In December 2007, I arrived in Australia for the first time ever.  It was a critically dry period for the region, as they were in the midst of a terrible drought.  Immediately upon my arrival, there were signals of a community in dire straits.  Instead of advertisements for products and services, the signs in the airport were encouraging water conservation.  My hotel bathroom had a message affixed to the mirror asking me to limit my shower time and water usage.  The dams were drying up and many communities faced running out of water in just mere months.  As a result, the local governments had enacted extreme water restrictions, and whether you were a resident or a visitor, you could not escape the reality of the situation: water was scarce.

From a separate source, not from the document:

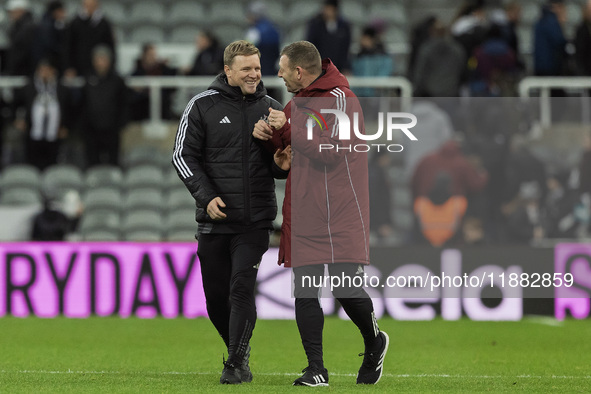 Newcastle United manager Eddie Howe and assistant manager Graeme Jones applaud their supporters after the Carabao Cup Quarter Final match be...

The reason I was visiting Australia was not for a vacation to see kangaroos and koalas and drive on the left side of the road (although I certainly had several opportunities for all of this during my visit).  Rather, I had been given the exciting opportunity to participate in a field campaign that was taking place along the coast in southeast Queensland, based out of Brisbane.  The purpose of the field campaign was to study how rain forms in the local clouds and investigate if seeding the clouds with giant salt particles could help enhance the amount of rain that they produce [For more about this topic, see About Cloud Seeding].

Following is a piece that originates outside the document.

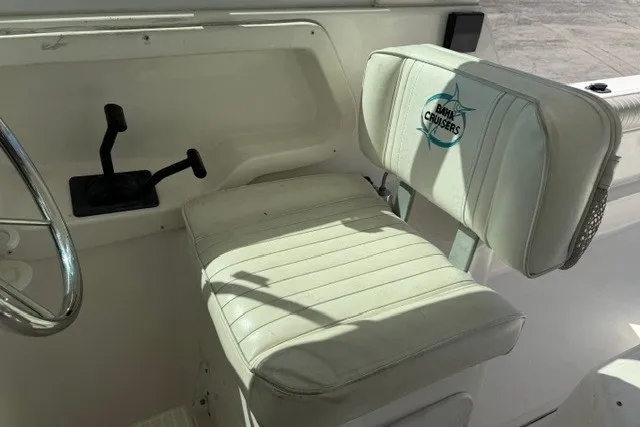 Slide: The Image of 2003 Baha Cruisers 277 GLE boat seat with steering wheel and controls. - 13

The field campaign involved an aircraft outfitted with a variety of instruments to measure the clouds from the inside and a sophisticated, dual-polarization weather radar to remotely measure properties of the clouds.  Every day I went to our project airport hangar and briefed the pilots and flight crew on the weather forecast for the day, and then I went to the radar facility to watch the day’s weather unfold.  When the clouds started to form, I got on the radio and spoke to the pilots to direct them to the clouds.  The aircraft flew below the clouds and then into the clouds at a variety of heights, sampling the atmosphere and cloud properties along the way.

Photos of research aircraft and instruments
Research aircraft with close-ups of the instruments mounted under the wings.
Research aircraft about to fly through cloud.
Photo of a cloud that the research aircraft is about to fly through.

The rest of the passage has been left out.